Turning now to FIG. 2, one finds a depiction of the result of using four moderately different EID probabilistically selected output pulse rates (8, 9, 10 and 11 pps) during sequential one second periods 16 in an overall EID take-down attempt on a subject having the same heart rate as was used in FIG. 1. In this example the first set of output pulses nearly exactly overlays sequential T-waves 17, as shown by the black coincidence bars 15. However, the subsequent different shock-pulse rates yield a much lower chance of pulse placement within the T-wave interval. Thus, by varying the EID pulse rate modest amounts over a take-down attempt the likelihood of exactly overlaying the T-wave interval for a substantial percentage of the shocking period is dramatically lower for any given heart rate.

The skilled reader will appreciate that there are many techniques for probabilistically varying intervals between output pulses to yield an asynchronous result.

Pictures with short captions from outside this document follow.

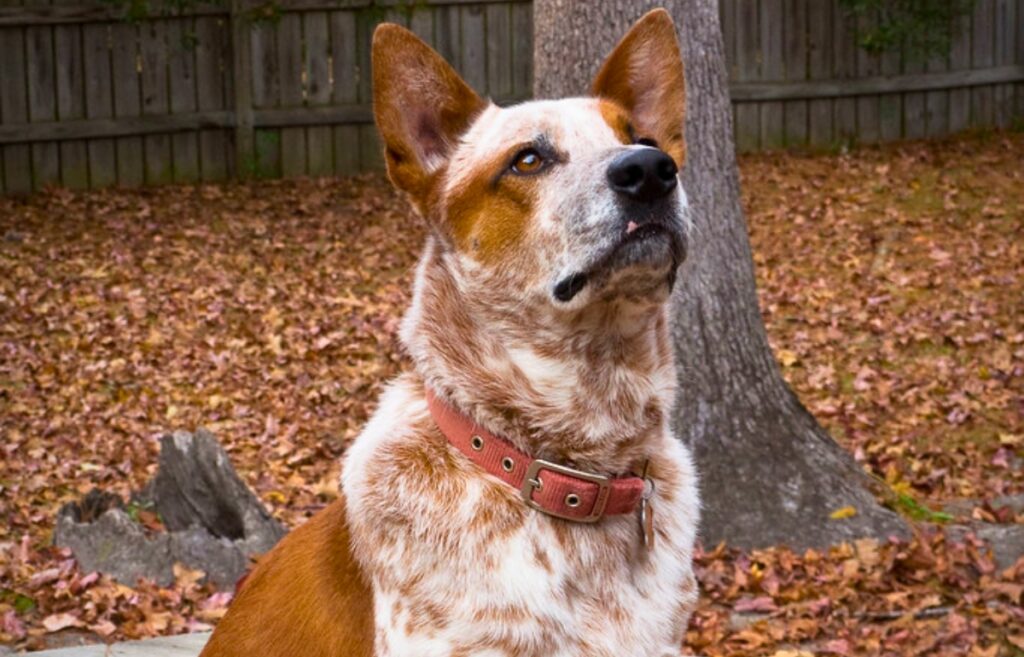 16 Red Dog Breeds That Turn Heads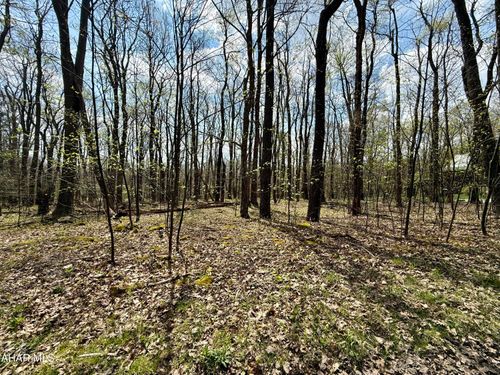 Lot 13 Timerman Road, Claysburg, PA, 16625 | Card Image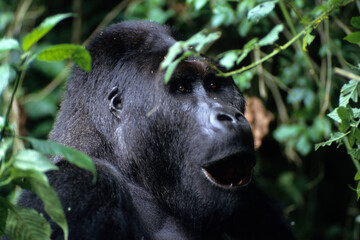 Gorille des montagnes, Gorilla beringei beringei, République démocratique du Congo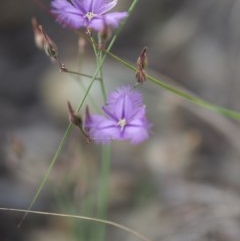 Thysanotus tuberosus subsp. tuberosus at Burra, NSW - 18 Dec 2020 08:41 AM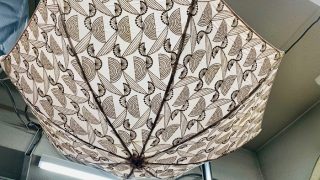 日傘のクリーニングは使っていない今がチャンス今行えば夏には綺麗な状態で使える様になりますよす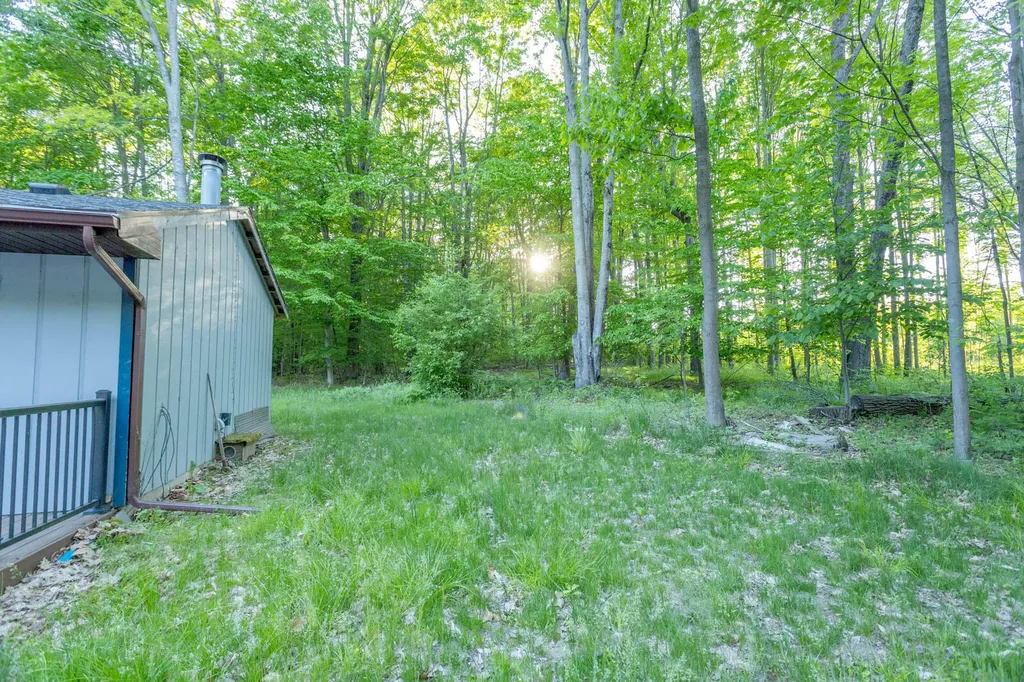 14351 95th Avenue Martiny Township MI 49342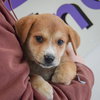 Goliath - Photo 4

A preferred embodiment uses a sequence of pulse rates, each of which is relatively prime to preceding and following pulse rates, as depicted in FIG. 2. In another embodiment that places a higher computational demand on a controller, the pulse rates are varied in a pseudo-random fashion between high rate and low rate limits.

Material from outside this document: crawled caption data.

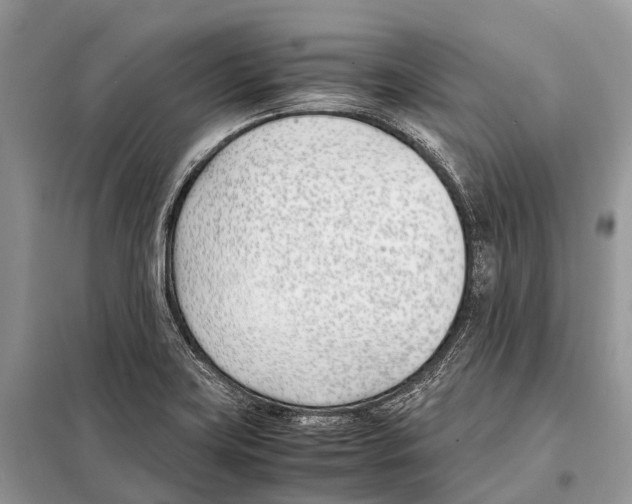X0000098101419200805021059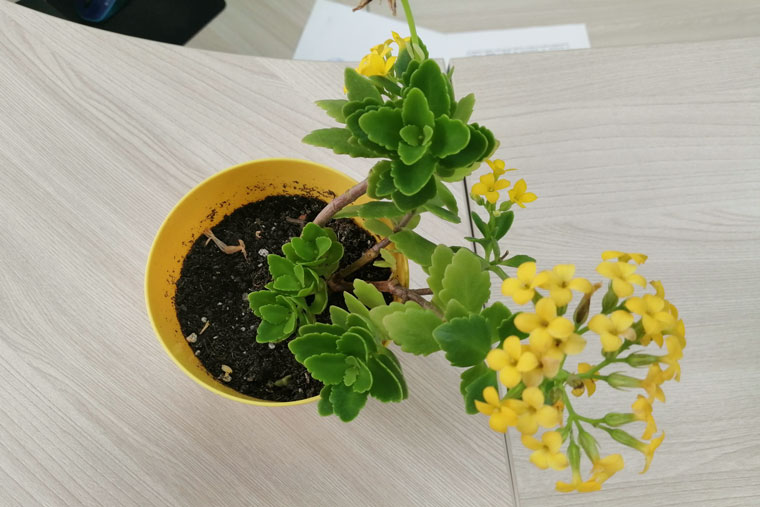 Этот цветок мне подарила коллега. Сказала, что он такое же солнышко, как и я. Цветок идеально вписался в рабочее пространство. А еще желтый — мой любимый цвет!
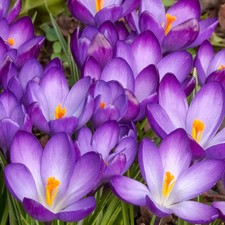 Crocus Ruby Giant Speciies Indoor Outdoor Spring Flowering Dwarf Bulbs Plants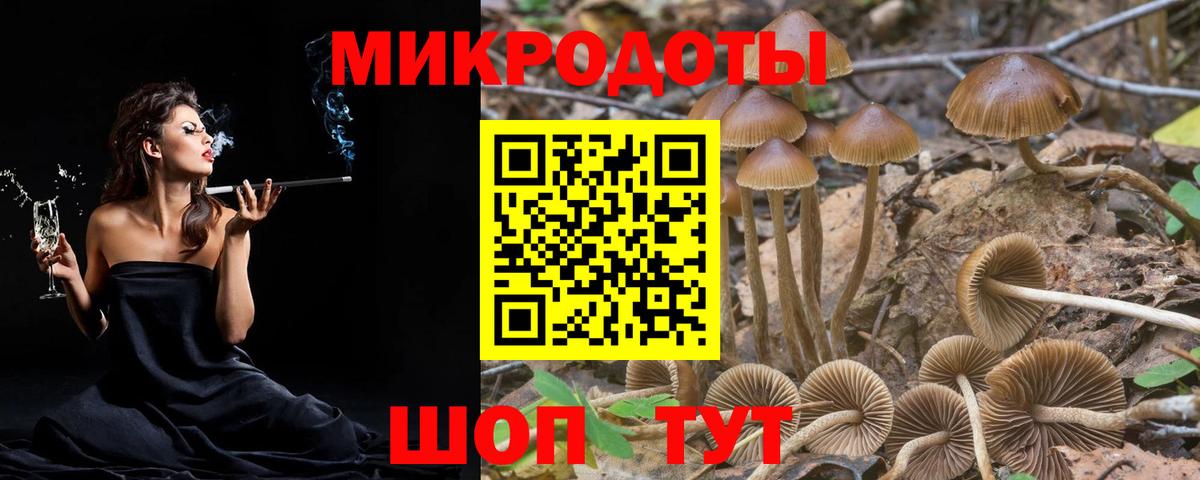 Псилоцибиновые грибы прущие грибы Иваново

Further, there are important safety and performance advantages to also adjusting each shock pulse's energy dynamically as the interval between pulses is varied. For instance, if the pulse rate is low, say 8.5 pps, then we may wish to increase the pulse energy relative to the 11 pps rate such that the total power output on a pulse to pulse basis is essentially constant. This constant interval average power profile attempts to maintain a more or less constant muscle incapacitation capability in spite of the differing pulse to pulse time spacing.

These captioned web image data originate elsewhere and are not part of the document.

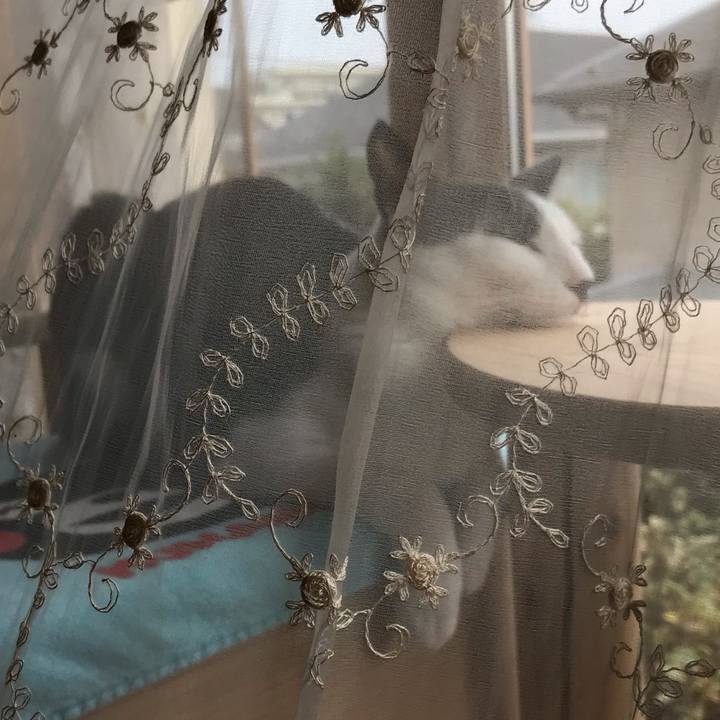 B19f7757 12a9 490f a3d5 f4cce2476b30 1540519922877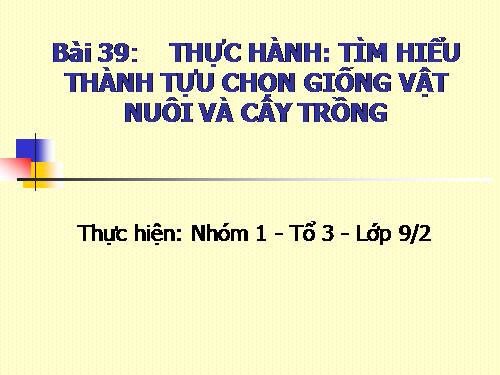 Bài 39. Thực hành: Tìm hiểu thành tựu chọn giống vật nuôi và cây trồng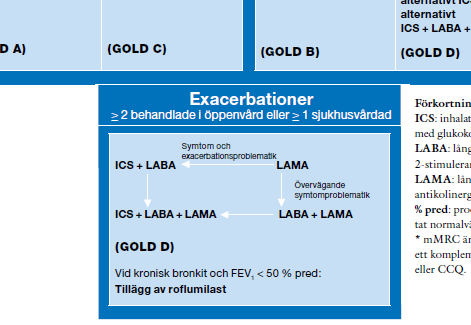 Läkemedelsverkets riktlinjer 2015 Läkemedelsverkets riktlinjer 2015 Underhållsbehandling Alla patienter med KOL diagnos: Rökstopp, vaccination, nutritionskontroll, fysisk aktivitet/träning.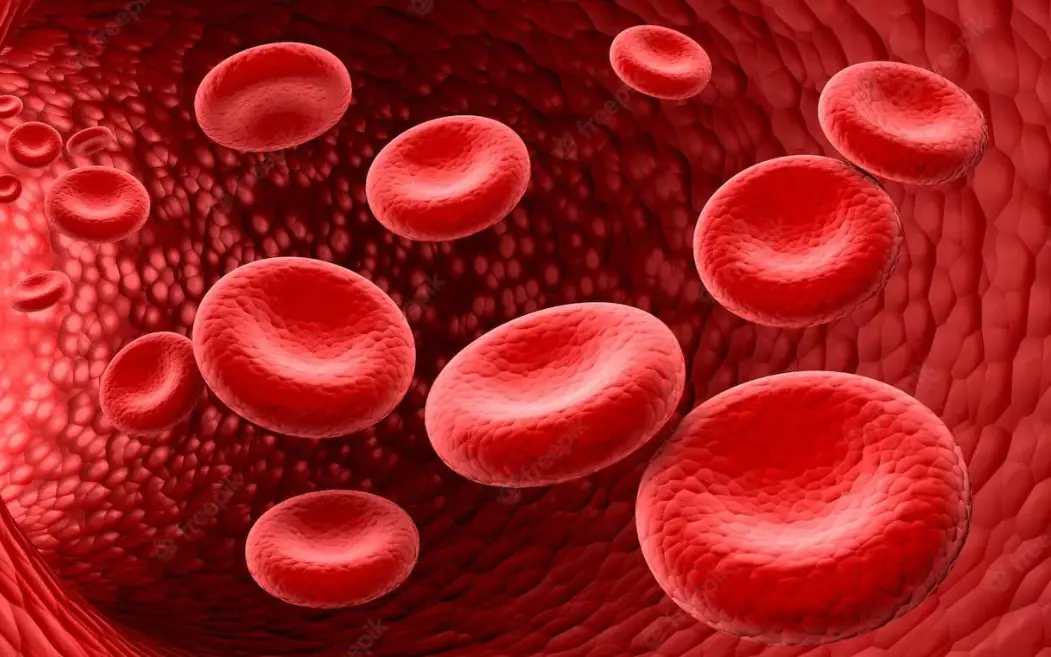 20 Hematology Quiz Questions and Answers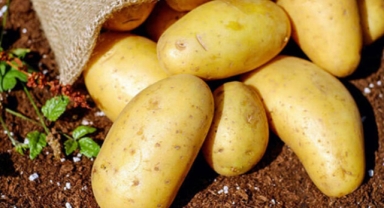 Nisanda en çok patatesin fiyatı arttı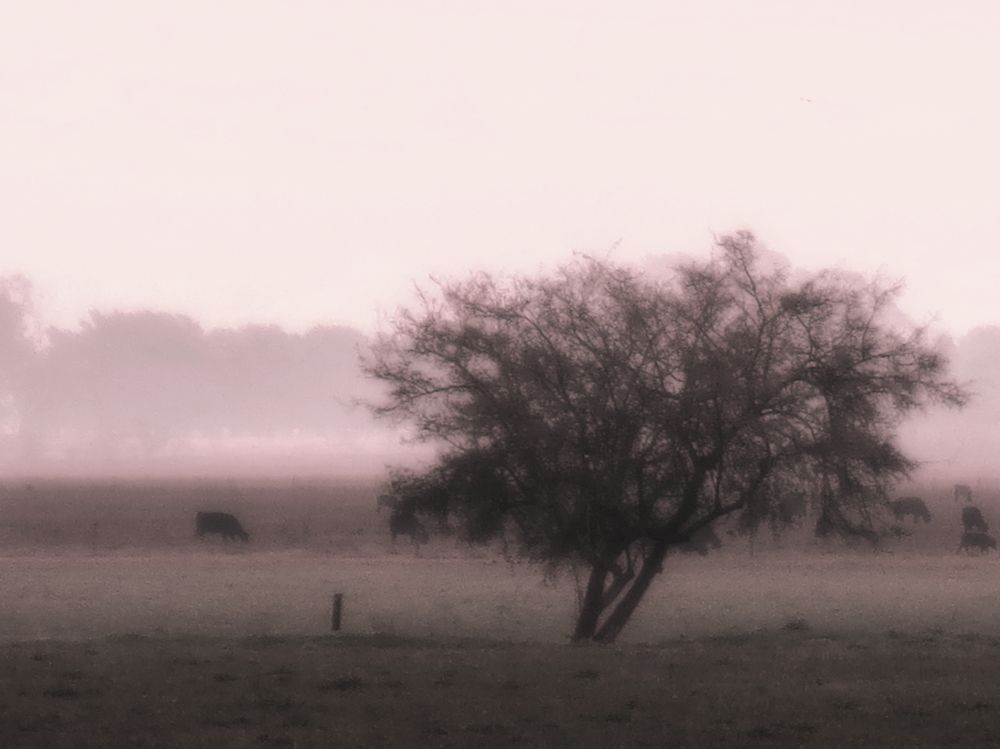 Photograph by Viviana García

Similarly, the EID designer may wish to select a profile in which pulse to pulse power is reduced as the shocking period progresses. This selection might be made, for instance, if the target is a small animal or person. Thus, in general, we wish to vary not only the pulse to pulse period over the shocking period to avoid T-wave coincidence but also to vary each pulse's energy to accomplish a specific result.

Turning now to FIG. 3, one finds a schematic depiction of the power electronics portion 20 of an EID operable to provide T-wave asynchronous shocking. The battery pack 22 powers a controller 24 and a high voltage DC-DC supply 26. When the device is triggered, the controller 24 controls the DC supply 26 and a controllable semiconductor switch 28 to charge a capacitor or capacitor bank 30 and to send current pulses through the primary winding of a step-up transformer 32.

In a particular preferred embodiment, the power electronics portion of the stun gun is controlled by a microcontroller 24, such as a Model 16F687 made by the Microchip Corporation. Those skilled in the control arts will recognize that although this arrangement is preferred, there are many other approaches that can be used to provide the necessary control features. These include, but are not limited to the use of other controllers as well as of hard-wired or custom programmed logic elements well known in the art.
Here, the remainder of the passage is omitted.